Sadegh Hedayat | Littérature étrangère, 19893
Traduit du persan par M.F. Farzaneh
Dans La Dame Alavieh, Sadegh Hedayat, auteur iranien (1903-1950) qu’on ne peut plus désormais enfermer dans son seul chef-d’œuvre La Chouette aveugle, utilise le folklore pour base de son récit. M.-F. Farzaneh raconte comment un ami de Sadegh Hedayat, l’acteur et metteur en scène Nouchine, membre du parti Touden, avait rencontré dans un car qui menait à Meched "une montreuse d’Images, de ces toiles peintes à l’aide desquelles on raconte le martyre de Hossein à Kerbela. Elle n’arrêtait pas, paraît-il, de jurer déversant des torrents d’immondes grossièretés du genre : Va donc femme à mille bites !"

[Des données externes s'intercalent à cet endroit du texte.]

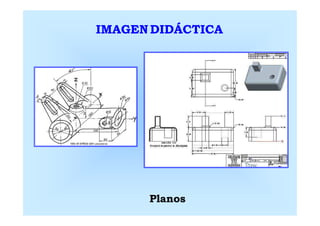IMAGEN DIDÁCTICA




      Planos
 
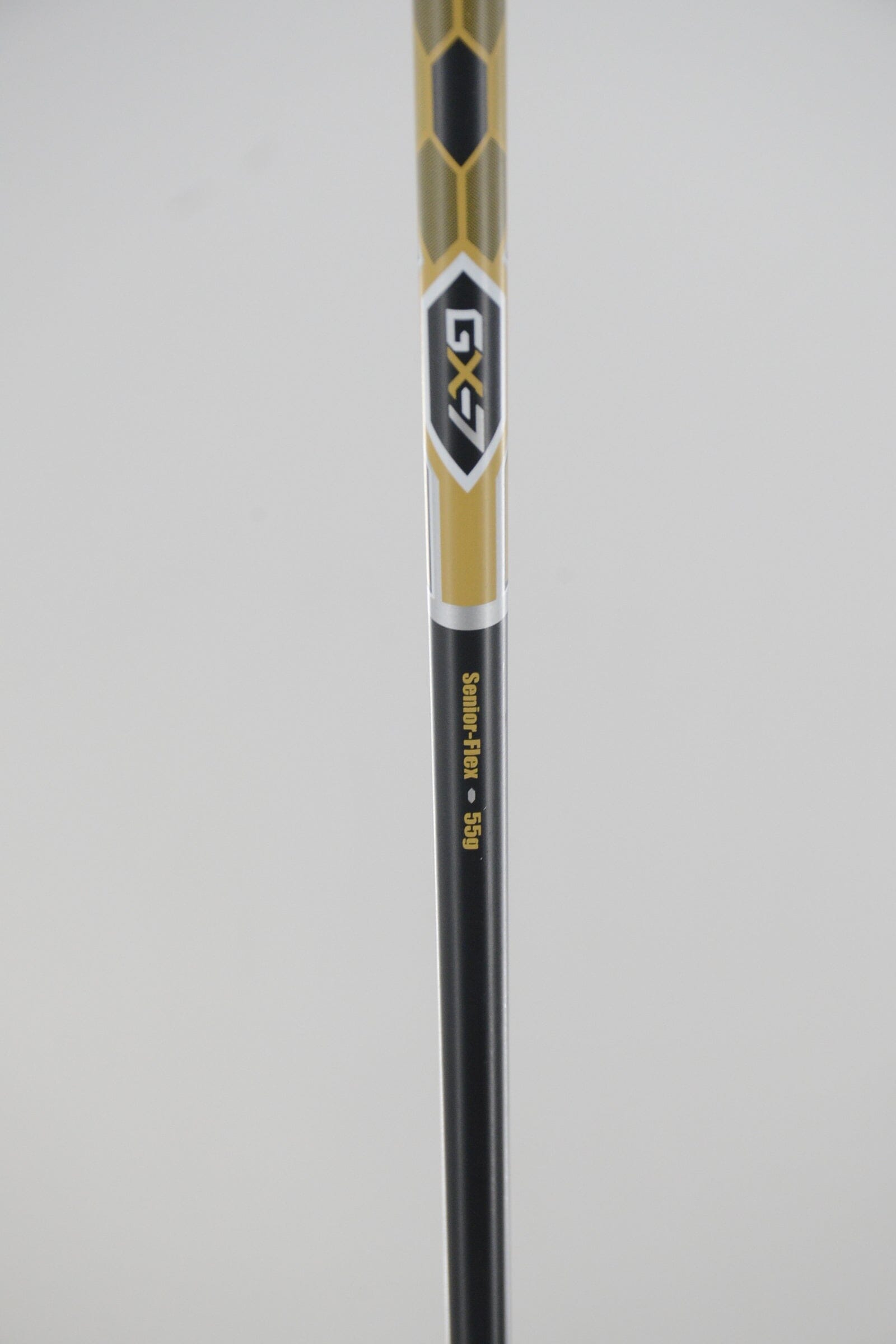 GX7 21 Degree Wood SR Flex 42.25" Golf Clubs GolfRoots
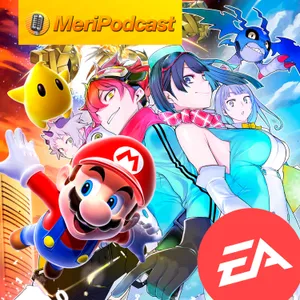 MeriPodcast 19x05 | Consecuencias de la venta de EA, Game Pass sube de precio y análisis de Digimon Story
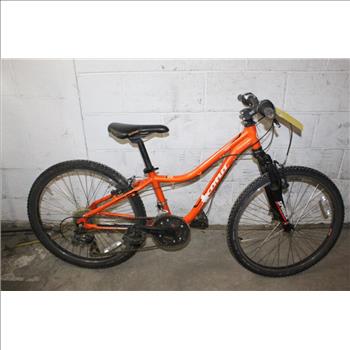 kona hula mountain bike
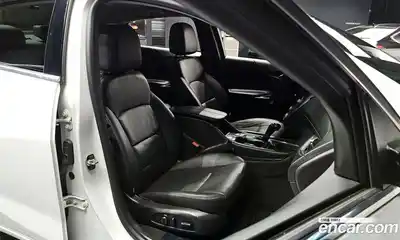 Chevrolet Malibu 2017 1.5 Автомат в Москве № 104383, миниатюра 9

À l’occasion des pèlerinages vers les lieux saints des troupes de gens du voyage se chargent de donner des représentations qui s’apparentent aux mystères médiévaux. Comme le culte des Images est interdit en Islam, on n’expose pas celles des saints, mais on peut les dévoiler temporairement. À chaque étape, les montreurs d’Images déroulent petit à petit, une toile de plusieurs mètres de long, qui fonctionne en quelque sorte à la manière d’une bande dessinée ou d’un film primitif. Sur la toile, sont représentés dix-neuf histoires relatives à la geste particulière de l’Islam chiite et concernant plus précisément le martyre de Hossein et le retour messianique de l’Imam Absent. Ces toiles ont remplacé les lanternes magiques que décrit Omar Khayam et que l’ont produisait sur les marchés persans. Hedayat ne s’en tient pas à une description ethnographique, mais écrit une nouvelle construite comme une pièce de théâtre ou un scénario de film, alliant à une parfaite rigueur de composition la plus grande insolence verbale. Il défiait toutes les convenances morales et linguistiques de son pays et de son temps, par la simple mise en scène d’une femme du peuple exprimant à l’aide d’une accumulation de jurons et d’expressions vulgaires une révolte à l’état brut, et dont la touchante mauvaise foi ne peut faire oublier le sort atroce. Ce texte que Hedayat fît publier sous le manteau à deux cents exemplaires en 1933, ne fût connu que d’une petite minorité d’intellectuels avant-gardistes et conserva une réputation d’œuvre maudite, sans doute parce que les outrances verbales de l’auteur rendaient compte, avec plus d’efficacité que n’importe quelle analyse sociologique, des outrances insupportables d’une société qui refusait de les voir et de les reconnaître.
Ce récit satirique est complété par deux autres récits inédits tout aussi mordants.